Second guy is amazing and defies description.[/quote]
The guy you’re trashtalking is Travis Tomasie who shoots for the US Army team… AKA the US Handgun Nationals Limited Division Champion and the Standard Division World Champion. Limited and Standard are two names for essentially the same thing. Regular Semi-automatic pistols, No compensators, or red-dot sights. He doesn’t “need a sight to aim”. He just knows that red-dot sights are faster than iron sights… Not by much, but they are.
I shot the Florida Open this year with Travis and he’s ridiculously fast. Jerry Miculek is also an incredible shooter, but when he shoots 3gun he uses an “Open Class” pistol JUST LIKE TRAVIS.
I always taught (former shooting instructor for the IDF) to use discretion, naturally if you’re running, and somehow ran out of ammo, drop that shit and keep shooting. If you’re behind a window returning fire and your mag runs out, and you have time for it, stick it in a pocket or between straps and return fire. most important thing is to renew fire, FAST!

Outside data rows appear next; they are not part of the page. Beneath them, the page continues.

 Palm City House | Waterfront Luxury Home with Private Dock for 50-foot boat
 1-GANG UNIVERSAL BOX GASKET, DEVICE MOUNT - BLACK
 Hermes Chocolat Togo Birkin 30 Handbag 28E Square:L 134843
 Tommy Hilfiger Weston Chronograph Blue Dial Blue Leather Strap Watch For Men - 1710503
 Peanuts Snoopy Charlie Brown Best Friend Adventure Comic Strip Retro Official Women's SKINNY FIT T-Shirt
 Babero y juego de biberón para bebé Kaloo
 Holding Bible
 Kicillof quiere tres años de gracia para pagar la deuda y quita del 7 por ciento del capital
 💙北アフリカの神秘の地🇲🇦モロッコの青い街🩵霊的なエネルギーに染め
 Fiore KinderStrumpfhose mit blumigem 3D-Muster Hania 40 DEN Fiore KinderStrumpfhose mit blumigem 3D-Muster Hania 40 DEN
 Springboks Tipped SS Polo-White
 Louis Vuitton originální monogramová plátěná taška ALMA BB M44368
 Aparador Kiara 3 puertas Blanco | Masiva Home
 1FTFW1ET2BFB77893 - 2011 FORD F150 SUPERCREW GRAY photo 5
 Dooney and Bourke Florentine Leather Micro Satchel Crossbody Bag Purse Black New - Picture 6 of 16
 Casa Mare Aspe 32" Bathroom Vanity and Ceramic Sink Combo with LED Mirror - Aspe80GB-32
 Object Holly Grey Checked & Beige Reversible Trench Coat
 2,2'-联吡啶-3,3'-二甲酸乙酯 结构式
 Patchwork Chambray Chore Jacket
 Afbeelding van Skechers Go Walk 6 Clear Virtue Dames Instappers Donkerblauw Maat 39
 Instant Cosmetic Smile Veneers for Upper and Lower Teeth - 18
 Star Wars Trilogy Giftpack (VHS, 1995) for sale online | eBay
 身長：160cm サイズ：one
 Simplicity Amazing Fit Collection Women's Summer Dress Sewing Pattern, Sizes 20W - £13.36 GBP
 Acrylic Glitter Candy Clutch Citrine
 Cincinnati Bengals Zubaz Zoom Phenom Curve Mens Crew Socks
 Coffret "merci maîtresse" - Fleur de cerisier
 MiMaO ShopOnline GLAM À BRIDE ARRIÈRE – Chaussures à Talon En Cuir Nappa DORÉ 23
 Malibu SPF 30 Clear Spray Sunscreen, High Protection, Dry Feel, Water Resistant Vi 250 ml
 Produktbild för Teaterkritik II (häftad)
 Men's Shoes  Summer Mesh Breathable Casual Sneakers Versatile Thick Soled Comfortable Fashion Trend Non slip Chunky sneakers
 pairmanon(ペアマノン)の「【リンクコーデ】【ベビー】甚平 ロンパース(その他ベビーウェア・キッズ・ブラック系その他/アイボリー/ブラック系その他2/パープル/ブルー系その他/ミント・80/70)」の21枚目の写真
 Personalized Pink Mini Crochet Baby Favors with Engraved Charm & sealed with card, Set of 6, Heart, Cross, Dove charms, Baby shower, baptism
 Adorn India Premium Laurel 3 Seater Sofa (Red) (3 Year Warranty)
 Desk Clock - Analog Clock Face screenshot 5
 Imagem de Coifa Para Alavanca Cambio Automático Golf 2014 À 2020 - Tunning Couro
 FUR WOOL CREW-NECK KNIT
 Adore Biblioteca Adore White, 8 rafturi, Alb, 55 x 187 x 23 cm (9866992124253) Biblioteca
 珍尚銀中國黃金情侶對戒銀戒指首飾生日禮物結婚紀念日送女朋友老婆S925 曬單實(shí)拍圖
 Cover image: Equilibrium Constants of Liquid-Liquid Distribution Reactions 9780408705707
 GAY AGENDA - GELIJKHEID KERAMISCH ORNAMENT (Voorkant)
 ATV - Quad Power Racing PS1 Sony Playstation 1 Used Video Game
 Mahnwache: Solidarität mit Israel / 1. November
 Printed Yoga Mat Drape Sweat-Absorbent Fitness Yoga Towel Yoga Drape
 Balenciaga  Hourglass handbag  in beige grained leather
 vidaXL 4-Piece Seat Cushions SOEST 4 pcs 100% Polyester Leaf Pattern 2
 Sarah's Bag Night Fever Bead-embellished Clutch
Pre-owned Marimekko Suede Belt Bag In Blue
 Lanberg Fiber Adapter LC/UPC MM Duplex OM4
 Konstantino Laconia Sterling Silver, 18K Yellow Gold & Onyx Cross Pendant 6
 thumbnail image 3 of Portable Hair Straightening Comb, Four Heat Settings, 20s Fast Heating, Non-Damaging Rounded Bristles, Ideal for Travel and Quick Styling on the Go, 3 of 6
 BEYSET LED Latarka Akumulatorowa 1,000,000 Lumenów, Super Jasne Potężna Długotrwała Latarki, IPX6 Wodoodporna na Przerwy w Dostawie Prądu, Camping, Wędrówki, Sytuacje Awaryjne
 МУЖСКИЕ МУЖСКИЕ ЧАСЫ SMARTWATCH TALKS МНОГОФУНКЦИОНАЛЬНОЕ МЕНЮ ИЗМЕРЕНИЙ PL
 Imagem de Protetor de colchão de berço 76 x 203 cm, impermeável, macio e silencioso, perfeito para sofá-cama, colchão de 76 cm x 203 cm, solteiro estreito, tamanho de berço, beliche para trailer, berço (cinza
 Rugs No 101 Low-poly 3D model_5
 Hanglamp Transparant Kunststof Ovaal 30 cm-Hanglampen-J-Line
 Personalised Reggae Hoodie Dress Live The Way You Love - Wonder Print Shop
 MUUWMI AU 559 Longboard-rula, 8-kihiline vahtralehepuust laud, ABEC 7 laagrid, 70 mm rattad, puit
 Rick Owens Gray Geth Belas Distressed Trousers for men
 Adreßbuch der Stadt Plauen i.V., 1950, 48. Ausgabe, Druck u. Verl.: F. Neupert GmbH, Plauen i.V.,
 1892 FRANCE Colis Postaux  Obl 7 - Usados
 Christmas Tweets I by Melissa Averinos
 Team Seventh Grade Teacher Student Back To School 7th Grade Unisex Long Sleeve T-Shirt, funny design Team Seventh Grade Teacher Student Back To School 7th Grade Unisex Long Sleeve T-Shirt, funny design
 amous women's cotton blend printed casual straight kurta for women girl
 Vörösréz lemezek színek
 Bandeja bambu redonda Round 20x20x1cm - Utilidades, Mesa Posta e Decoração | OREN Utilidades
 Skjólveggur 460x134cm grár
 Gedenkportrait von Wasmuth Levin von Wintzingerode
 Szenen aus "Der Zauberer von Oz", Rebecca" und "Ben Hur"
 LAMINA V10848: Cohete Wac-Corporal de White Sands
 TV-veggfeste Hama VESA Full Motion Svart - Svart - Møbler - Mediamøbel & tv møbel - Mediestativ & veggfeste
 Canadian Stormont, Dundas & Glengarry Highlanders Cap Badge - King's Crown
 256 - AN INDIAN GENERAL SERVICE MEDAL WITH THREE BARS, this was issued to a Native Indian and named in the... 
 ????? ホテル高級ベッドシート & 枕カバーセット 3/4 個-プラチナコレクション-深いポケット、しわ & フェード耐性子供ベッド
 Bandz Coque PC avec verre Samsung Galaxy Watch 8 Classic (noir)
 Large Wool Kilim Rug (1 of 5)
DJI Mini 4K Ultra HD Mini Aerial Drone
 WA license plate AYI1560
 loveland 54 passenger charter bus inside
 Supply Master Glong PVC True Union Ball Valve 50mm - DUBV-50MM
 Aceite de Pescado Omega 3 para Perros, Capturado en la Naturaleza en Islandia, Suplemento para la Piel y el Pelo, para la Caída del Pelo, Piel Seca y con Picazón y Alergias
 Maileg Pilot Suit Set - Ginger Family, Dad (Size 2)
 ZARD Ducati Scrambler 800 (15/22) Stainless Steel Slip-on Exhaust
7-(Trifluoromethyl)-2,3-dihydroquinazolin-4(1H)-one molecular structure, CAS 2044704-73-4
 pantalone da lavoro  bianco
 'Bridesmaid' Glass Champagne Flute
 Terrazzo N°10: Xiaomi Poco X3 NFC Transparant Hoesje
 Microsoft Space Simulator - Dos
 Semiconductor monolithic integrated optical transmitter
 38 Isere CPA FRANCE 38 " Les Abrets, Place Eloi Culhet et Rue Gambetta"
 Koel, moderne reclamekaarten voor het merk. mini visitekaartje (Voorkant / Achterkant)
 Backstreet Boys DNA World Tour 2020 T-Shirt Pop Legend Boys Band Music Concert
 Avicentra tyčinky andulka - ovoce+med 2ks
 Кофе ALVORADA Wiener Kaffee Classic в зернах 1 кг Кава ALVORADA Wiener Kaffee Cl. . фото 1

As for reloads, I think it was 4 seconds as a bar for basic, and then hopefully they shave that time down with more experience. that’s with a used, old M-16, not a competition handgun.
The pros can have a new mag loaded and a shot off before the spent mag hits the ground. I think anything faster than the 2 second range is to the point of diminishing returns.
I just did a snap cap reload drill with my 7-shot .357 and a speedloader (not a moon clip like Jerry…) Best I could manage was 4 seconds or so. Jerry could have put 18 rounds into me in that time.
Last time I was at the range I could reload my revolver faster than Sam Browning could reload his Hi-power. That must count for something, right?